The Trumpening continues

Primaries today in Connecticut, Delaware, Maryland, Pennsylvania and Rhode Island. Pennsylvania is the big one. If Trump does well there, it’s all but in the bag.

I wouldn’t be shocked if either Cruz or Kasich finally give up after today, if Trump does well enough.

This is an open thread to discuss the primaries and report results as they come in.


Joining forces against America

Ted Cruz demonstrates his anti-establishment bona fides by siding with John Kasich against Donald Trump:

Senator Ted Cruz and Gov. John R. Kasich of Ohio have agreed to coordinate in future primary contests in a last-ditch effort to deny Donald J. Trump the Republican presidential nomination, with each candidate standing aside in certain states amid growing concerns that Mr. Trump cannot otherwise be stopped.

In a statement late Sunday night, Mr. Cruz’s campaign manager, Jeff Roe, said that the campaign would “focus its time and resources in Indiana and in turn clear the path for Governor Kasich to compete in Oregon and New Mexico.”

Minutes after Mr. Roe’s statement, the Kasich campaign put out a similar message. The Ohio governor’s chief strategist, John Weaver, said that his campaign would shift its resources to states in the West and “give the Cruz campaign a clear path in Indiana.”

Both campaigns said they expected allies and third-party groups to follow their lead, and a representative from the “super PAC” supporting Mr. Kasich confirmed late Sunday that it would not advertise in Indiana.

I very much doubt this is going to help them stop Trump. They’re operating in 2D while Trump is moving around in 3D. But it demonstrates my point about how Trump is on track to reach 1,237; his big win in New York has boosted him in Pennsylvania and California, the two states in which he needs to do well in order to go over the top.

While it’s true that Cruz hasn’t played nicely with the GOP establishment, it’s always been clear that he wants to be a part of it. Now he’s not bothering to pretend otherwise. He’s a smart guy, and he would have been a pretty good candidate several election cycles ago. But he’s still playing the game, and the time for playing the game is over.

Conservatives United Cruz Kasich. C.U.C.K.

Perfect.


Jerry Pournelle on Donald Trump

A take on Trump that is entirely more interesting than my own on the man:

Trump is probably the least qualified candidate who ran for the Republican nomination this year. If you didn’t know that, you’d have to be a hermit to avoid finding it out. He also has far more delegates than any other candidate. I would think that would send a clear message to the Republican elite, particularly the country club establishment; but like the Bourbon kings of France restored after the Revolution, they have learned nothing and forgotten nothing.

Wouldn’t I want a more qualified, somewhat more experienced candidate? Well, of course. But the establishment wasn’t about to let anyone not within its ranks to get anywhere close to the nomination.
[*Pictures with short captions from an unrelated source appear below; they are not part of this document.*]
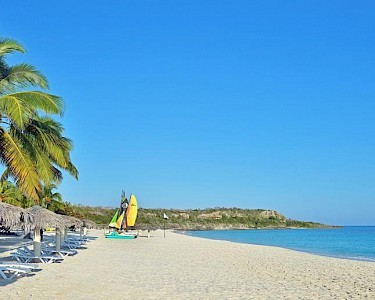 Sol Palmeras Cuba strand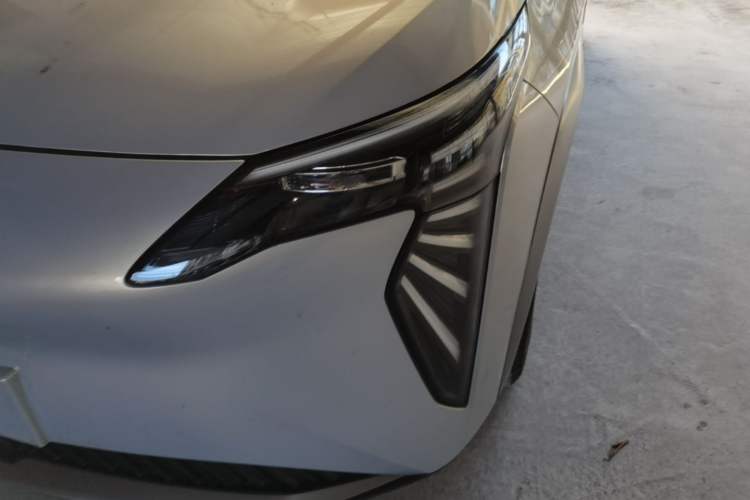 Used AION Y 2023 Younger Star Edition Left Front Headlight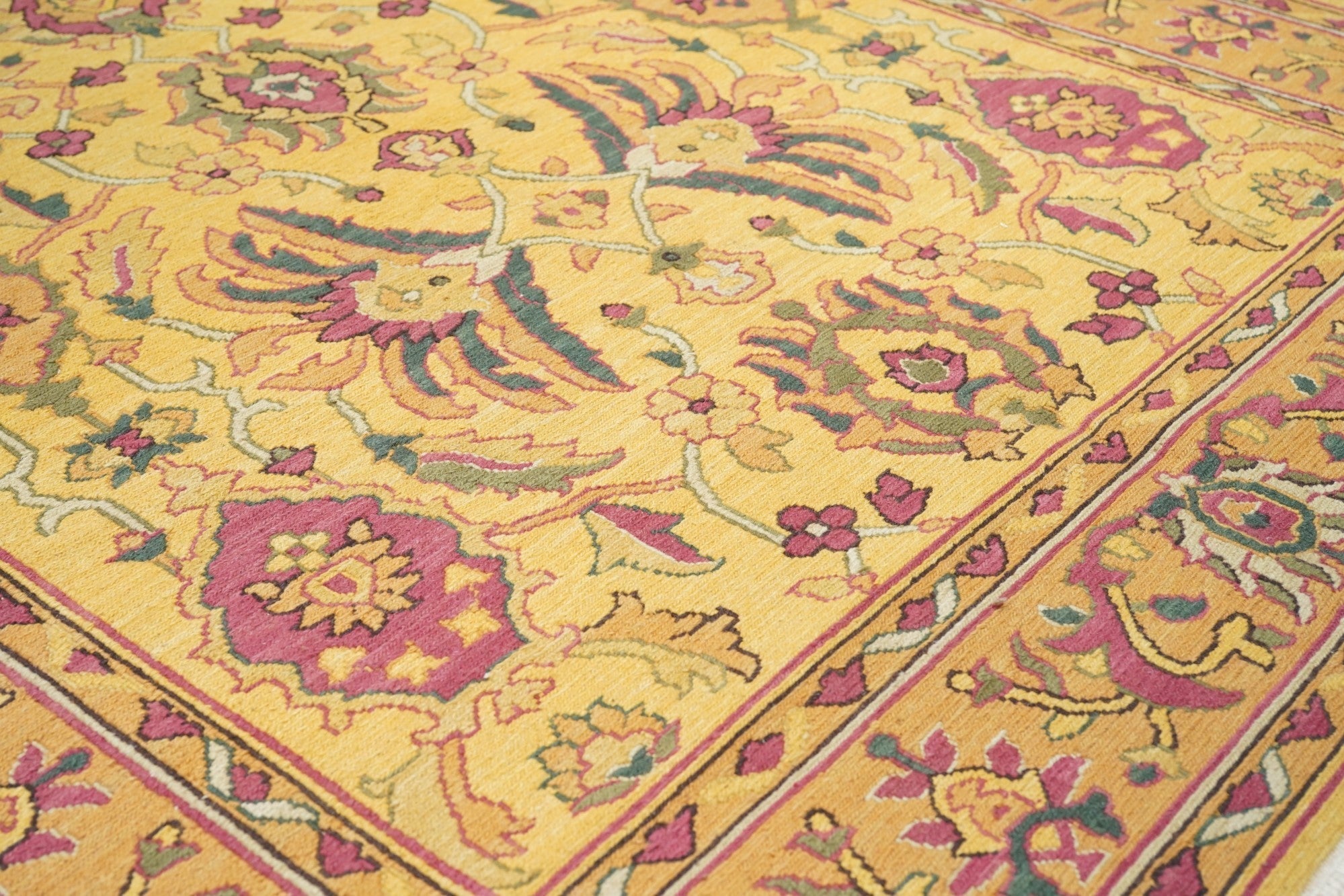 Sumak Rug 6'0" x 9'0"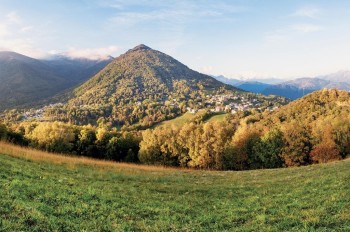 Der Kastanienweg im Alto Malcantone führt durch eine der reizvollsten Kulturlandschaften des Tessins – durch Kastanienhaine, Birkenwälder und fünf malerische Dörfer.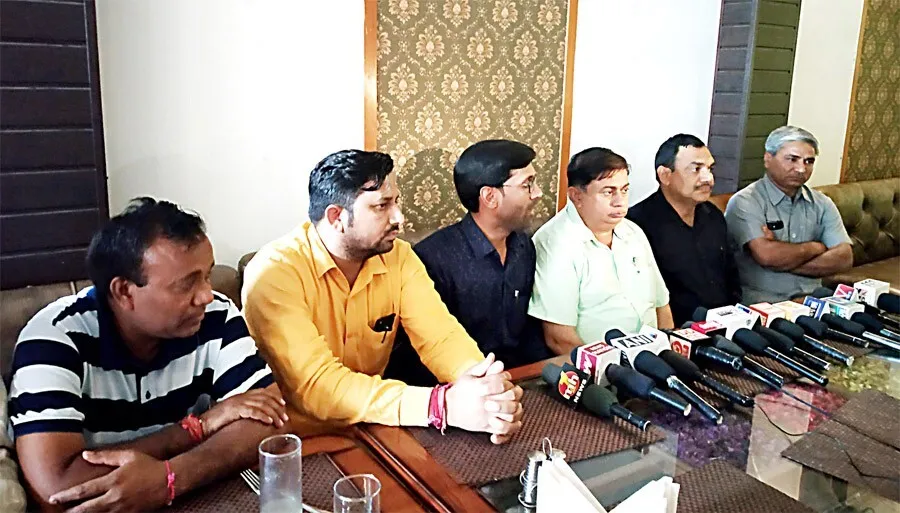 नहीं देंगे 134-ए के तहत बच्चों को स्कूलों में दाखिले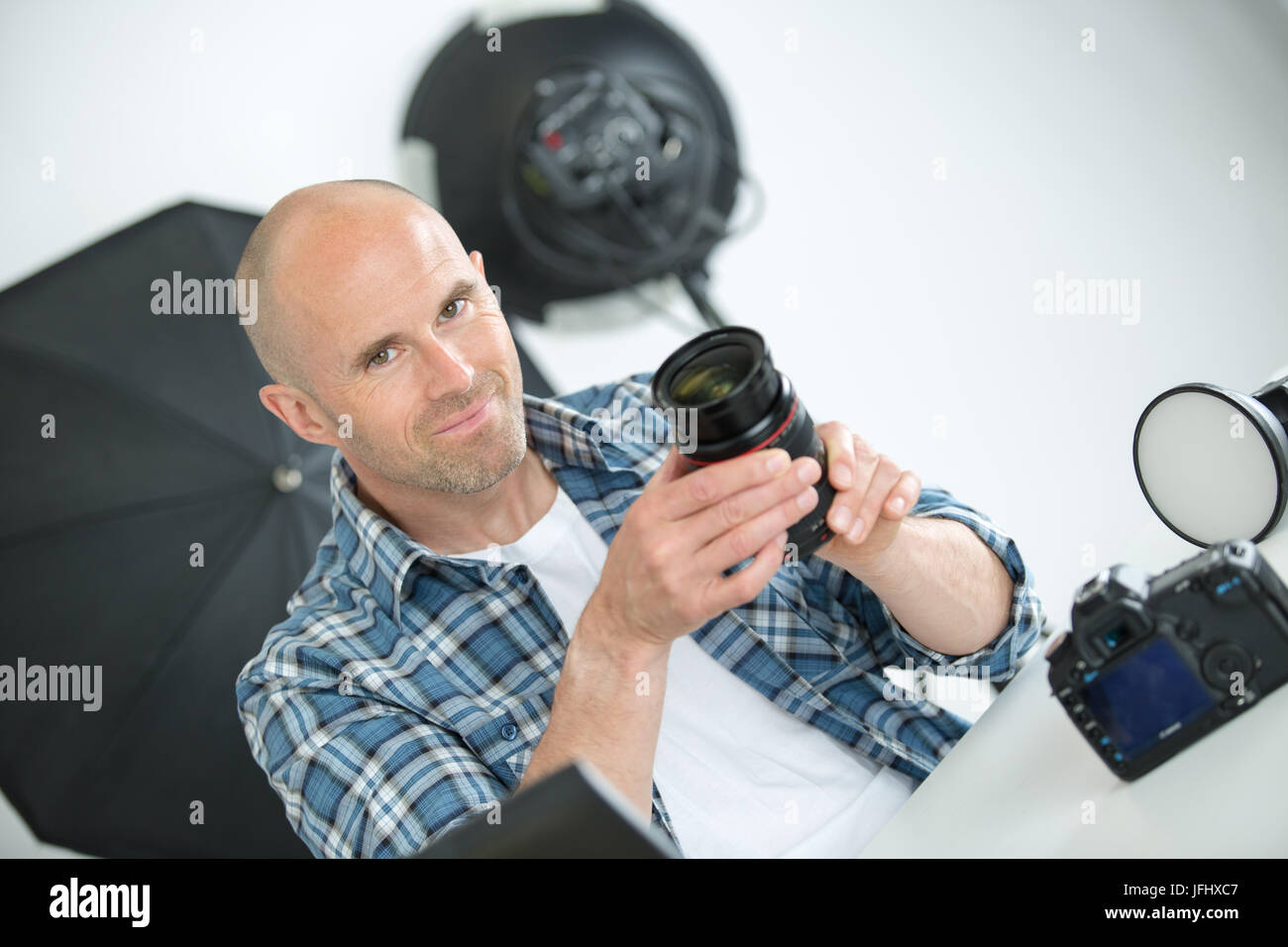 Pose posiert studiofoto -Fotos und -Bildmaterial in hoher Auflösung – Alamy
In 1956 the goal was “anyone but Reagan” among the Republican elite. Now it’s anybody but Trump. Before Trump they made it clear to all: it’s going to be one of us, like it or lump it. We can deal with upstarts.

But they didn’t intimidate Trump, and now he’s laid all of their compliant candidates low, and they’re turning to an old enemy, Cruz, in despair. The notion is that he’ll “grow” in office; it’s for sure that Trump won’t grow under their definition of grow.

But in fact he’s likely to. He has some good advisors and he has a definite point of view that may be hard to discern because it’s masked by his blatant – loudmouthed and irritating, if you like – tactics. But he has never wavered on his desire to fill the Supreme Court with Justices as near in scholarship and view to Scalia as possible; that alone would be enough to get me to the polls for Trump if he’s nominated.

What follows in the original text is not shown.